Requires the Director of the Office of Management and Budget to report on AI feasibility for identifying duplicative or fraudulent federal grant applications. Prohibits awarding grants based on such applications and establishes tracking systems for federal grant applications.
Analysis summaries, actor details, and coverage mappings were LLM-classified and may contain errors.
This is a binding federal statute enacted by Congress with mandatory prohibitions, enforcement mechanisms through agency heads and Inspectors General, and legally enforceable obligations on executive agencies.
The document has minimal coverage of AI risk domains, with only subdomain 4.3 (Fraud, scams, and targeted manipulation) receiving a coverage score of 2. The document primarily focuses on preventing duplicative and fraudulent grant applications, with a feasibility study on using AI for detection purposes. It does not substantively address AI-specific risks or harms.
This document does not govern AI use in specific economic sectors. Instead, it governs federal grant administration processes across all executive agencies, establishing prohibitions and tracking systems for grant applications. The document applies to Public Administration (federal executive agencies) as the regulated entities.
The document does not govern AI development or deployment. It focuses on federal grant administration and includes a feasibility study on potentially using AI as a tool for identifying duplicative or fraudulent grant applications. The AI reference is limited to exploring AI as an analytical tool, not regulating AI systems themselves.
The document mentions artificial intelligence only in the context of a feasibility study to explore whether AI could be used as a tool to identify duplicative grant applications and fraud. It does not define AI, regulate AI systems, or address any specific AI technical categories. The reference is exploratory rather than regulatory.
United States Congress; Senate and House of Representatives of the United States of America
The document is explicitly enacted by Congress as indicated in the opening clause, making Congress the proposer of this governance instrument.
heads of executive agencies; Inspectors General of executive agencies; Director of the Office of Management and Budget
Agency heads and Inspectors General are explicitly given authority to determine fraudulent or duplicative applications and enforce the prohibition on awarding grants. The OMB Director has authority to establish and maintain the tracking system.

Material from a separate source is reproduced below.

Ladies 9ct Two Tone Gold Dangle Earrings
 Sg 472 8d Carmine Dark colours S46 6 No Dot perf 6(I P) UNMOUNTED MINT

Inspectors General of executive agencies; Director of the Office of Management and Budget; Committee on Oversight and Accountability; Committee on Appropriations of the House of Representatives; Committee on Homeland Security and Governmental Affairs; Committee on Appropriations of the Senate
Inspectors General are explicitly tasked with conducting audits and investigations to identify duplicative or fraudulent applications. The OMB Director monitors through the tracking system. Congressional committees receive reports and provide oversight.
executive agencies; heads of executive agencies; Inspectors General; Office of Management and Budget; institutions of higher education (as grant applicants)
The Act applies to executive agencies in the federal government, specifically regulating how agency heads and Inspectors General handle grant applications and awards. It also affects institutions of higher education as a specific category of grant applicants.